-- SOURCE MATERIAL follows --

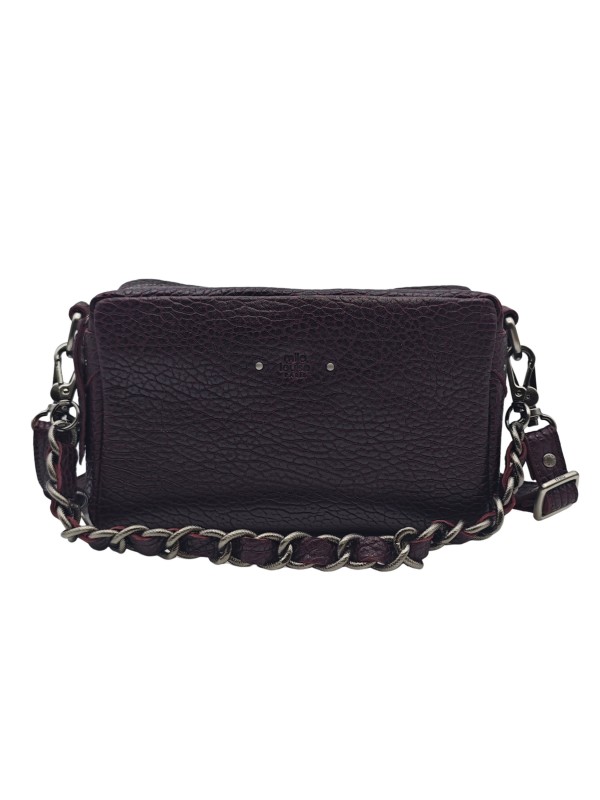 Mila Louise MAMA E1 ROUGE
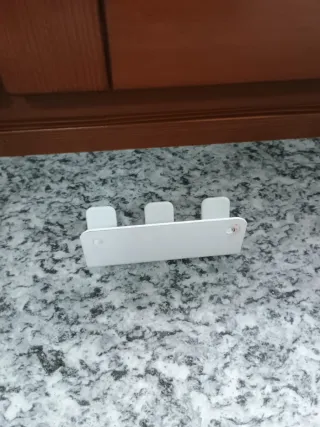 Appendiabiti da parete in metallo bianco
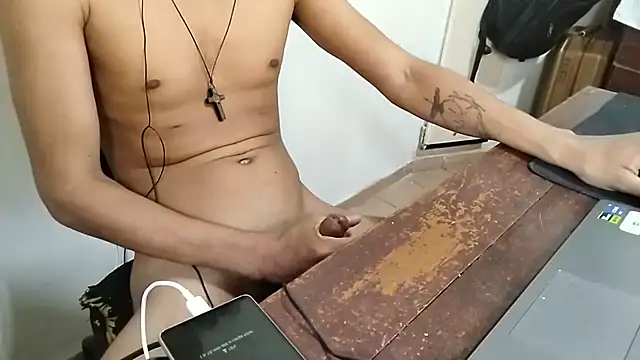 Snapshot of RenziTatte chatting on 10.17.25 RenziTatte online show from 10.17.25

-- SOURCE MATERIAL concluded --
-- SOURCE MATERIAL follows --

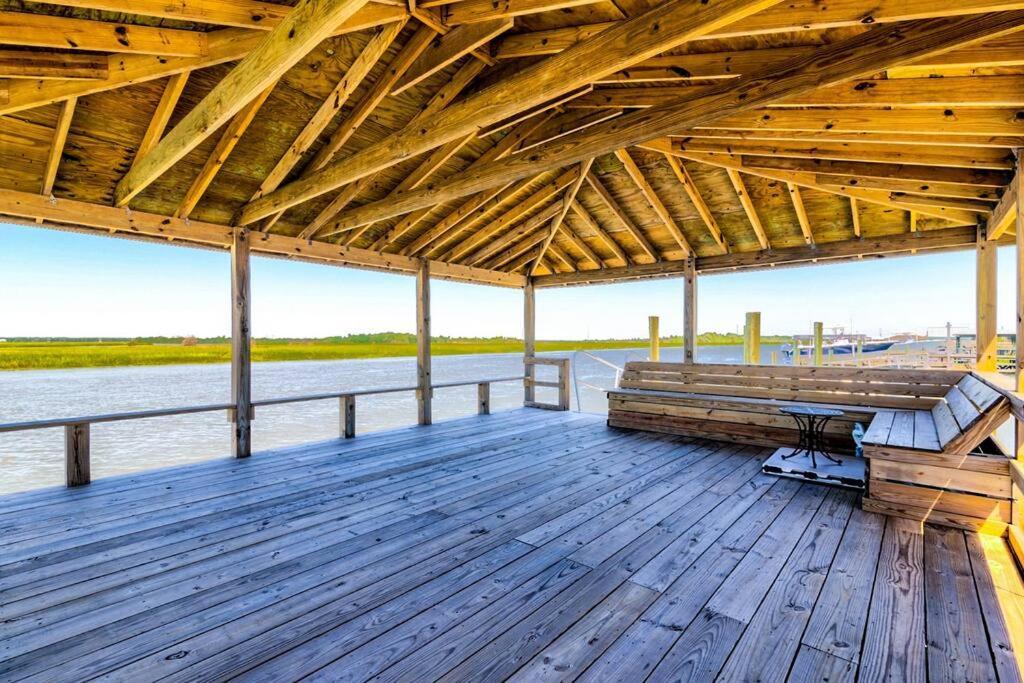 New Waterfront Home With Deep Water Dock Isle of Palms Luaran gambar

-- SOURCE MATERIAL concluded --

**YOUR GOAL**
The lines to set down run from the line with "Appendiabiti da parete in metallo bianco" up to and including the line with "Snapshot of RenziTatte" in the entries above. Reproduce them exactly, with no pictures.

**ANSWER TO THE PROBLEM**
 Appendiabiti da parete in metallo bianco
 Snapshot of RenziTatte chatting on 10.17.25 RenziTatte online show from 10.17.25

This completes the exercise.